• [Provided entries]:
☆ ☆ ☆ ☆ ☆ ☆ ☆

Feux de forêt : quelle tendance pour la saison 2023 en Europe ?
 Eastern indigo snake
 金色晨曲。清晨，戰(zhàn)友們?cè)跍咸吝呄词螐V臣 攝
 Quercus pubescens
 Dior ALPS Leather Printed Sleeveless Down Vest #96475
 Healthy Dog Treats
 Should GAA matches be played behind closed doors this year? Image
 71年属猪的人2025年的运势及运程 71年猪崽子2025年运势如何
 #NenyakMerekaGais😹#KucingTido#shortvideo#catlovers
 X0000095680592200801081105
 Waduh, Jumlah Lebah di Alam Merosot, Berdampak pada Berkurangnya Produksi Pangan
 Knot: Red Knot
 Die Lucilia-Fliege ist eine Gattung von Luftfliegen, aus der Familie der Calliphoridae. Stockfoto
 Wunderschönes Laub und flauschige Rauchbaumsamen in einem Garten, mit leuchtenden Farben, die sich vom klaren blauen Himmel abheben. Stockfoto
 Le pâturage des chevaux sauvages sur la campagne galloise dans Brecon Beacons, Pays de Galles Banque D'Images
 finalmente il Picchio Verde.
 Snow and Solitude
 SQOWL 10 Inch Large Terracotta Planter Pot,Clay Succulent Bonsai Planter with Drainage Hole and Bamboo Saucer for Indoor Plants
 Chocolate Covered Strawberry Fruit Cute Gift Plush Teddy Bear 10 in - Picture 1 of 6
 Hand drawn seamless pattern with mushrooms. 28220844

☆ ☆ ☆ ☆ ☆ ☆ ☆

• [What you will do]:
Lines from the one holding "71年属猪的人2025年的运势及运程 71年猪崽子2025年运势如何" through the end of the material above should be output exactly, and all others skipped.

• [Response]:
 71年属猪的人2025年的运势及运程 71年猪崽子2025年运势如何
 #NenyakMerekaGais😹#KucingTido#shortvideo#catlovers
 X0000095680592200801081105
 Waduh, Jumlah Lebah di Alam Merosot, Berdampak pada Berkurangnya Produksi Pangan
 Knot: Red Knot
 Die Lucilia-Fliege ist eine Gattung von Luftfliegen, aus der Familie der Calliphoridae. Stockfoto
 Wunderschönes Laub und flauschige Rauchbaumsamen in einem Garten, mit leuchtenden Farben, die sich vom klaren blauen Himmel abheben. Stockfoto
 Le pâturage des chevaux sauvages sur la campagne galloise dans Brecon Beacons, Pays de Galles Banque D'Images
 finalmente il Picchio Verde.
 Snow and Solitude
 SQOWL 10 Inch Large Terracotta Planter Pot,Clay Succulent Bonsai Planter with Drainage Hole and Bamboo Saucer for Indoor Plants
 Chocolate Covered Strawberry Fruit Cute Gift Plush Teddy Bear 10 in - Picture 1 of 6
 Hand drawn seamless pattern with mushrooms. 28220844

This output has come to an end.